*** EXERCISE MATERIALS Section Begins ***

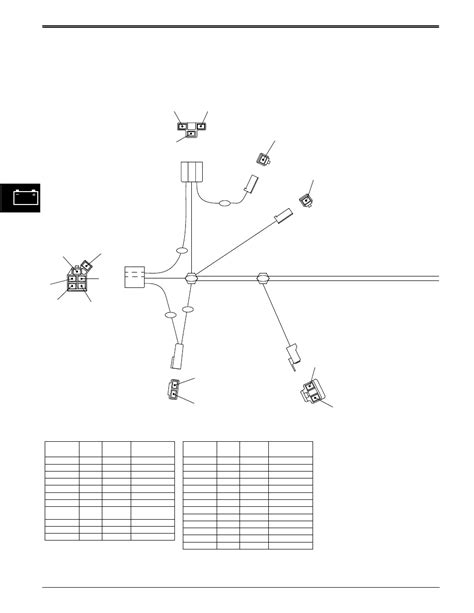 wiring harness diagrams electrical john deere stx user manual page   original mode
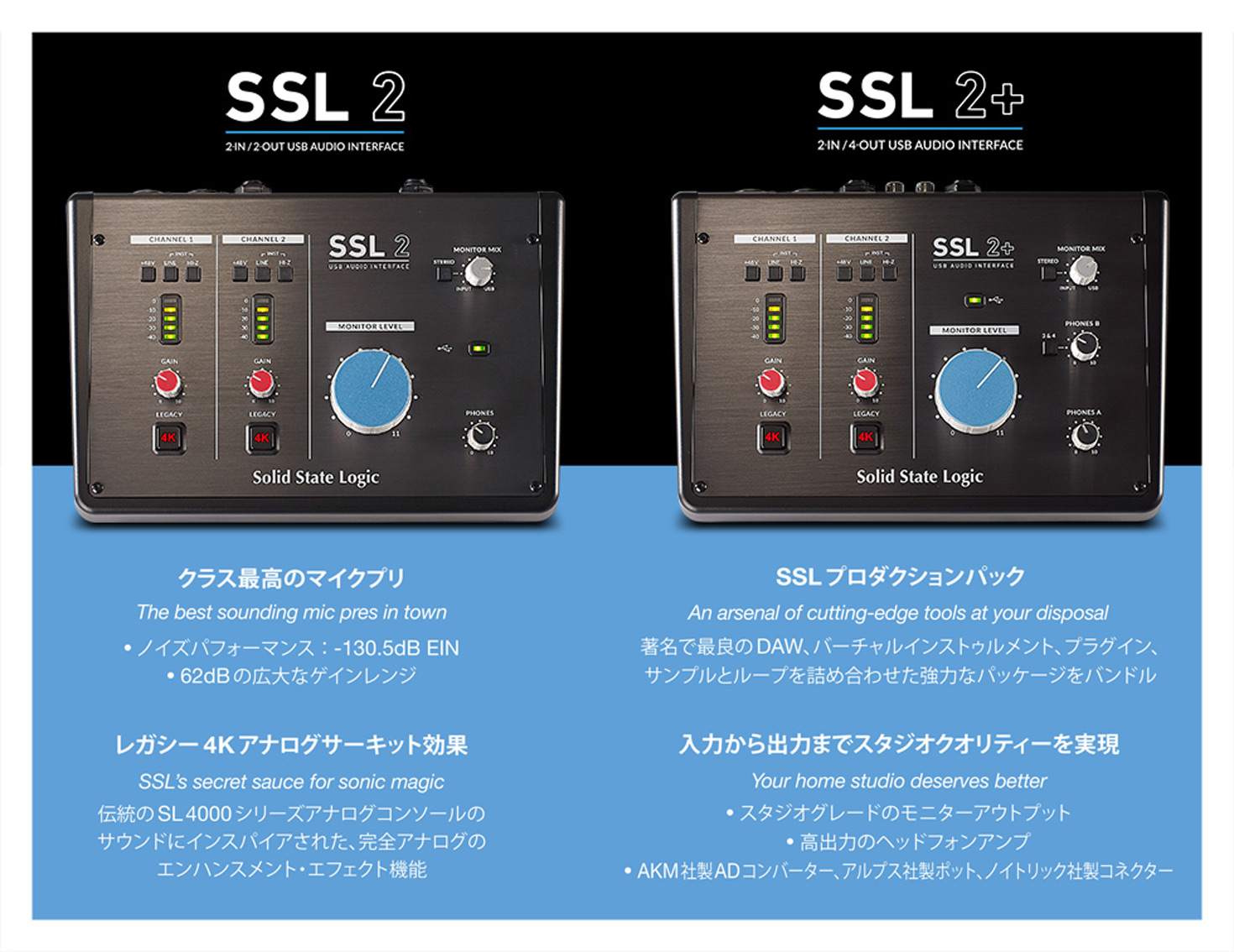 SSL2
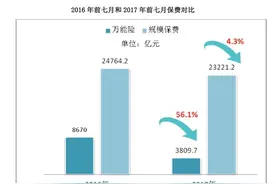 保险公司迎大考，“134号文件”今日正式实施图片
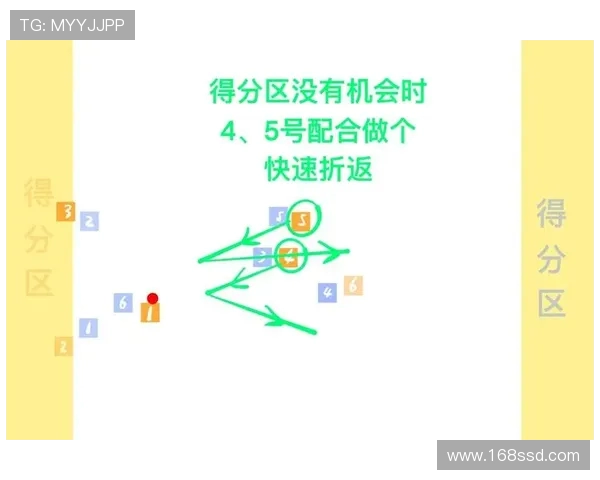 武汉飞盘队的进攻体系解析与战术创新探讨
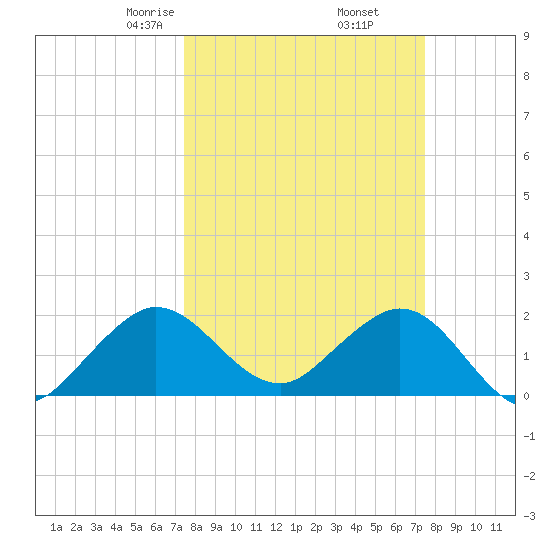 Donald Ross Bridge tide chart for Friday, March 17, 2023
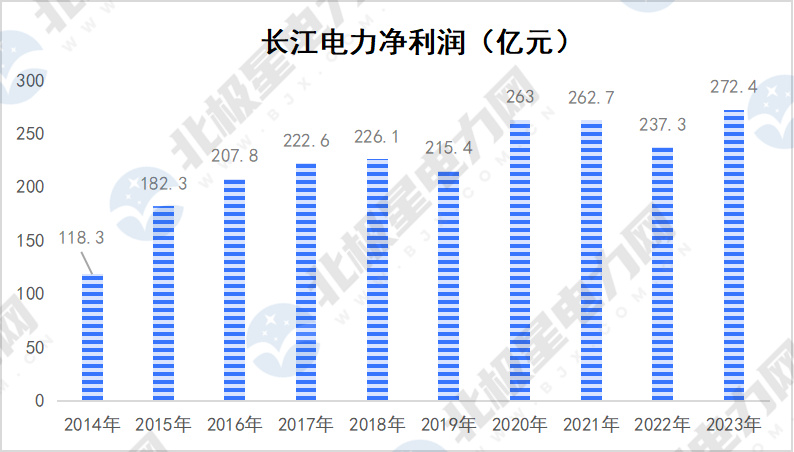 长江电力.jpg 长江电力.jpg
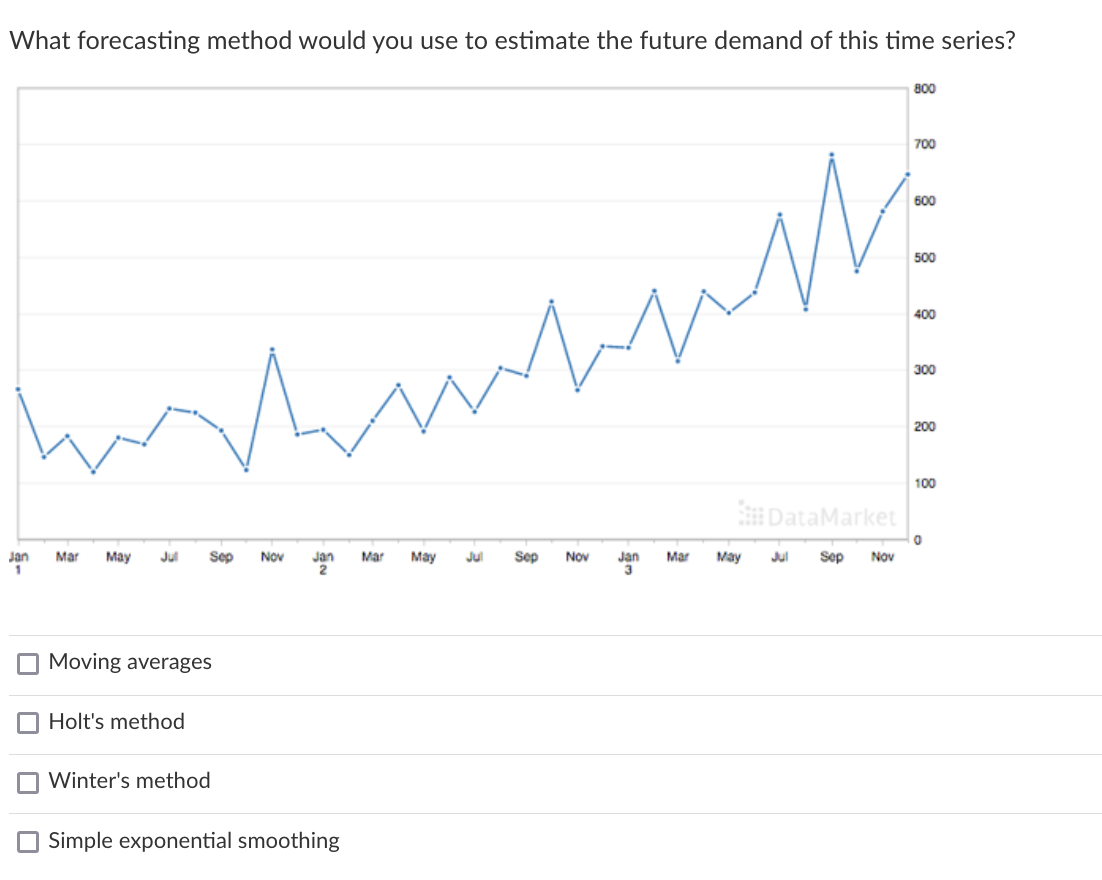 What forecasting method would you use to estimate the future demand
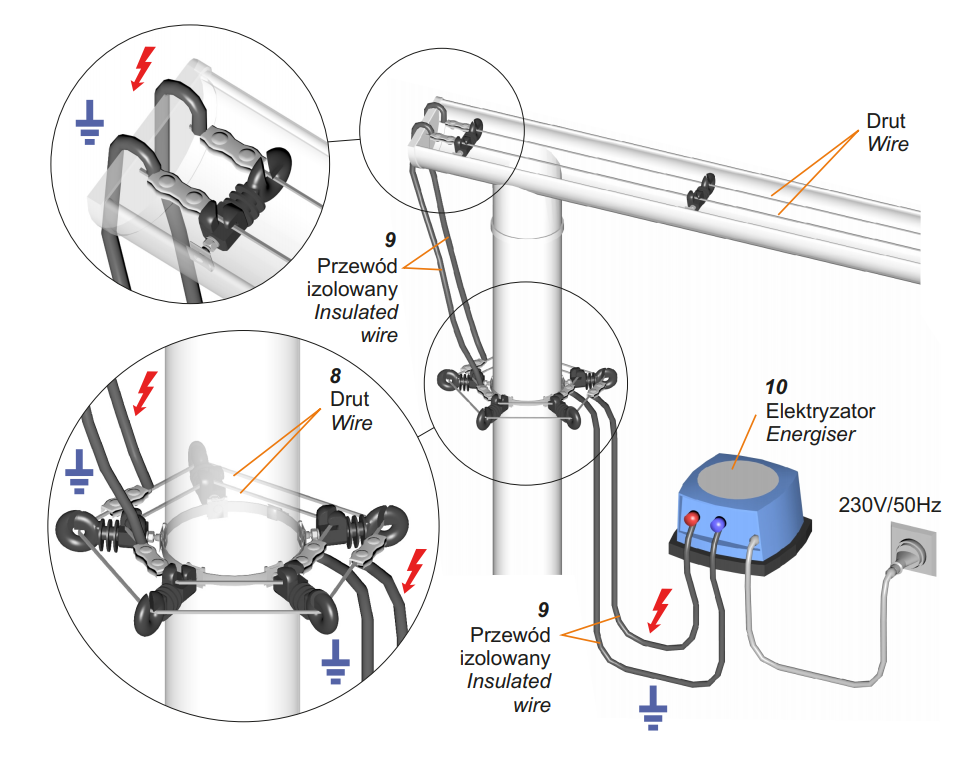 Zestaw izolatory rynnowe + obejma pastuch na kuny - obrazek 4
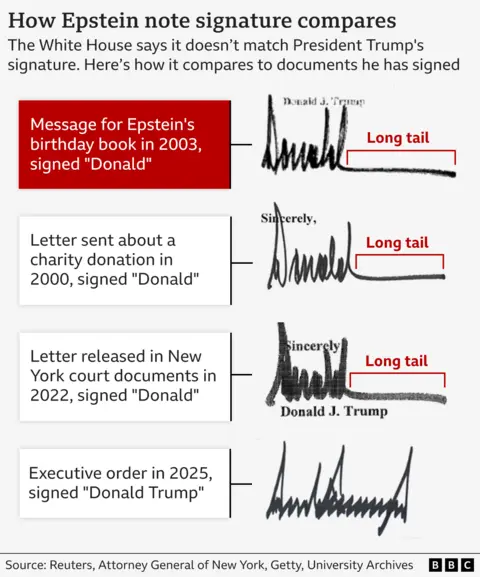 A graphic comparing the alleged Donald Trump signature on the Epstein birthday book note to three other examples of the president's signature. The Epstein note is signed "Donald" with a long tail after the final letter - similar to signatures on a letter from Trump about a charity donation in 2000 and a 2022 court document letter. The final signature is from a 2025 executive order signed with his first name and surname.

*** EXERCISE MATERIALS Section Ends ***

- [TASK REQUIREMENTS] Exact repeats of the lines from the first one in the data through the line containing "Zestaw izolatory rynnowe" make up the answer. Pictures do not.

- [SOLUTION]
 wiring harness diagrams electrical john deere stx user manual page   original mode
 SSL2
 保险公司迎大考，“134号文件”今日正式实施图片
 武汉飞盘队的进攻体系解析与战术创新探讨
 Donald Ross Bridge tide chart for Friday, March 17, 2023
 长江电力.jpg 长江电力.jpg
 What forecasting method would you use to estimate the future demand
 Zestaw izolatory rynnowe + obejma pastuch na kuny - obrazek 4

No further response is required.